Jolly Michael, Phillips John
OhioHealth Heart and Vascular Physicians, Riverside Methodist Hospital, 3705 Olentangy River Road, Suite 100, Columbus, OH 43214, USA.
OhioHealth Heart and Vascular Physicians, Riverside Methodist Hospital, 3705 Olentangy River Road, Suite 100, Columbus, OH 43214, USA.
Surg Clin North Am. 2018 Apr;98(2):279-292. doi: 10.1016/j.suc.2017.11.009.

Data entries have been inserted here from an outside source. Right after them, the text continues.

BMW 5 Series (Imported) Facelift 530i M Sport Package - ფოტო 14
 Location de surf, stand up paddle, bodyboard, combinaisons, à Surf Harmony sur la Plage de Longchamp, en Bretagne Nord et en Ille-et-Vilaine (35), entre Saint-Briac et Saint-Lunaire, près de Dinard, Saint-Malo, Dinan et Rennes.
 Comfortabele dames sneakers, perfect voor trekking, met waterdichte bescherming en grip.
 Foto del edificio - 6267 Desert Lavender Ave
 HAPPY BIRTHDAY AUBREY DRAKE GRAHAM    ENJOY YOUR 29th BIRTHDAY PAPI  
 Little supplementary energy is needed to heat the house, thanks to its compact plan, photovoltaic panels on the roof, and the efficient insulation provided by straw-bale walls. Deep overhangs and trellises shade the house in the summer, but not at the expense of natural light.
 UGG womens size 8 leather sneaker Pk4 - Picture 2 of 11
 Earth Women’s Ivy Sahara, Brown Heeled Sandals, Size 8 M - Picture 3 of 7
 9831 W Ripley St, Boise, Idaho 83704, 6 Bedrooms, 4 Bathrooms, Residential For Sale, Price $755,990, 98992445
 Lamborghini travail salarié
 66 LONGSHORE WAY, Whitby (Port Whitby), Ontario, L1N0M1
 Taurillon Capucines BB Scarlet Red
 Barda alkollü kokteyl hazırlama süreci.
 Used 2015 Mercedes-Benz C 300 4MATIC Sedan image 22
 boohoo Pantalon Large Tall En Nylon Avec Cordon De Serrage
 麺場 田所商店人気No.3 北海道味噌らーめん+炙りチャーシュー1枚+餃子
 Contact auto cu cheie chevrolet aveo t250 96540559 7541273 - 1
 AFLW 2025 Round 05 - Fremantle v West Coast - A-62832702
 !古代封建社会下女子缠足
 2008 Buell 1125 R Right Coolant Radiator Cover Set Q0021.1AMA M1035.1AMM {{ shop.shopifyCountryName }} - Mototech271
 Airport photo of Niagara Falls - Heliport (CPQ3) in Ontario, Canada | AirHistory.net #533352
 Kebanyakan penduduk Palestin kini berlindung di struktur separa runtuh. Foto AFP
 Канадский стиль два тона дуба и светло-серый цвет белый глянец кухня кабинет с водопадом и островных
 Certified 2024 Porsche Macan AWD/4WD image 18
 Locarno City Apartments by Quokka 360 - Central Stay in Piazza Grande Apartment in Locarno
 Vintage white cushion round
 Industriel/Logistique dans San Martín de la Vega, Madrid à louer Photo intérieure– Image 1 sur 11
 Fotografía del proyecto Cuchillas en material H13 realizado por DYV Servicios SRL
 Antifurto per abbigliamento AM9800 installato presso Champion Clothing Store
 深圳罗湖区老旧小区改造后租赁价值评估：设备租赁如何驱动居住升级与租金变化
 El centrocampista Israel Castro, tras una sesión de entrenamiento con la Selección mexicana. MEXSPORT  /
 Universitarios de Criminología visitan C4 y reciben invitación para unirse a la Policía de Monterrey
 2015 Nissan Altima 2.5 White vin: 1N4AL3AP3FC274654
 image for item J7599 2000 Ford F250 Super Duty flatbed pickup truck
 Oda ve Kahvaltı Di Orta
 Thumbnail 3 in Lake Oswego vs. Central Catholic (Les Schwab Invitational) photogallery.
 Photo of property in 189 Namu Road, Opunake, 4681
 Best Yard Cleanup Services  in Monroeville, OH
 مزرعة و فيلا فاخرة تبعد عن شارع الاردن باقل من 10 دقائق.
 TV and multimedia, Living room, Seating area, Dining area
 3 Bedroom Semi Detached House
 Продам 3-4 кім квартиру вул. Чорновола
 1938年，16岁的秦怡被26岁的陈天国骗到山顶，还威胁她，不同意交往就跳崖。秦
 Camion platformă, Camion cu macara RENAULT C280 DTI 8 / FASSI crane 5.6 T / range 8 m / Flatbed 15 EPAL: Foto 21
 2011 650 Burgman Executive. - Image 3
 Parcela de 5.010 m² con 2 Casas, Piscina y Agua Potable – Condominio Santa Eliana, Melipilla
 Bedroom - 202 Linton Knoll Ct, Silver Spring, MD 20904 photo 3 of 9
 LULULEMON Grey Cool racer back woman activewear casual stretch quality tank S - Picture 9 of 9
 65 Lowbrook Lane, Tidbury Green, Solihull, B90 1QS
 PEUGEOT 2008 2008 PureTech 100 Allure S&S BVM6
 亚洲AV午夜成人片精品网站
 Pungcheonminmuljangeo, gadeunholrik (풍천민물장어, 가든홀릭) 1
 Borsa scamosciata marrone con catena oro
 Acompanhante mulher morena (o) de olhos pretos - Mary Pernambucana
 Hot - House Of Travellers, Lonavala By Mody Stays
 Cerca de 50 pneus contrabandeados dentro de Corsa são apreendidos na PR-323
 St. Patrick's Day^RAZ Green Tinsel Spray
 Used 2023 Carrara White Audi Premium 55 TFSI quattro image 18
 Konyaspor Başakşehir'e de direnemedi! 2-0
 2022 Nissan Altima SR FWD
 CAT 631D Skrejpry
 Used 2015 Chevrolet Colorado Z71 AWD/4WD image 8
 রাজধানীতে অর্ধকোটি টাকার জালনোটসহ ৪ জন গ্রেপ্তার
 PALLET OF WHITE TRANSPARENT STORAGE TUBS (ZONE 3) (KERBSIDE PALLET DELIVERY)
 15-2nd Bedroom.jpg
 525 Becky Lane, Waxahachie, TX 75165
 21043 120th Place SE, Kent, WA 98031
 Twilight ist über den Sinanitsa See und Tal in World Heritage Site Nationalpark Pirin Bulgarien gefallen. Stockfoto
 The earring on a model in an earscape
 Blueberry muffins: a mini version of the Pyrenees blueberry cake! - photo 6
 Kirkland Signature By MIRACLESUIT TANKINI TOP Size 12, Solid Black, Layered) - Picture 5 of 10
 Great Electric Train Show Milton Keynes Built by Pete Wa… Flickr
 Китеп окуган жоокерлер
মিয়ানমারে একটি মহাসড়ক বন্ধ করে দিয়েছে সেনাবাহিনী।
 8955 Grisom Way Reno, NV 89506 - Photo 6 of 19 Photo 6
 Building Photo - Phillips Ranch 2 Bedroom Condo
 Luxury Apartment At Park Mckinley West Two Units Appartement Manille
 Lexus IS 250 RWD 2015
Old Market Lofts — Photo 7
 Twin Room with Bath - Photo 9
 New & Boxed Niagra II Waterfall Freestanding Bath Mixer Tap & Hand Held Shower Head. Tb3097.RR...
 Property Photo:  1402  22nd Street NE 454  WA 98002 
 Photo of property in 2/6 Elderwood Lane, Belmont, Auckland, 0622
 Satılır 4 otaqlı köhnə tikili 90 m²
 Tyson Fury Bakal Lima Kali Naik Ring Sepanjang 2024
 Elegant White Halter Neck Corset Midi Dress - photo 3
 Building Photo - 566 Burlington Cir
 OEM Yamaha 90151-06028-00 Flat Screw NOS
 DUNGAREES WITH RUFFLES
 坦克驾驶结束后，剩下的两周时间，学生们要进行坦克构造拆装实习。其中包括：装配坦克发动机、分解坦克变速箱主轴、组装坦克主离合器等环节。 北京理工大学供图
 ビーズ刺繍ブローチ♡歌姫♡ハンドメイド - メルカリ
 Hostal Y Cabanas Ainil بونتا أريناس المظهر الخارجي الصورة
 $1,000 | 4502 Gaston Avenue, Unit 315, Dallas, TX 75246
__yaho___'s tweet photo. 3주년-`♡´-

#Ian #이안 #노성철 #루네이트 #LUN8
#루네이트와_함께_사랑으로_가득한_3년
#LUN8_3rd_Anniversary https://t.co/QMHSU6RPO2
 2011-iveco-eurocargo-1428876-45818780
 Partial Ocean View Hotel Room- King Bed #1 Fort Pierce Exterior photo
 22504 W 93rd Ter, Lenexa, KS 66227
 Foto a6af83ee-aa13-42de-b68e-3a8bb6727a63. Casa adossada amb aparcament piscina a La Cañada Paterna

Pulmonary embolism remains a leading cause of death in the United States, with an estimated 180,000 deaths per year. Guideline-based treatment in most cases recommends oral anticoagulation for 3 months. However, in a small subset of patients, the "submassive, high-risk" by current nomenclature, with hemodynamic instability, more advanced therapeutic options are available. Treatment modalities to extract the thromboembolism and reduce pressure overload in the cardiopulmonary system include use of intravenous or catheter-directed thrombolytic agents, catheter-directed mechanical thrombectomy, and surgical embolectomy. This article discusses current minimally invasive and surgical methods for reducing embolic burden in patients with submassive, high-risk pulmonary embolism.
在美国,肺栓塞仍然是主要的死亡原因之一,估计每年有18万例死亡。在大多数情况下,基于指南的治疗建议进行3个月的口服抗凝治疗。然而,在一小部分患者中,按照目前的命名法属于“次大面积、高危”,伴有血流动力学不稳定,有更先进的治疗选择。用于清除血栓栓塞和减轻心肺系统压力负荷的治疗方式包括使用静脉或导管定向溶栓剂、导管定向机械血栓切除术和外科栓子切除术。本文讨论了目前用于减轻次大面积、高危肺栓塞患者栓塞负担的微创和手术方法。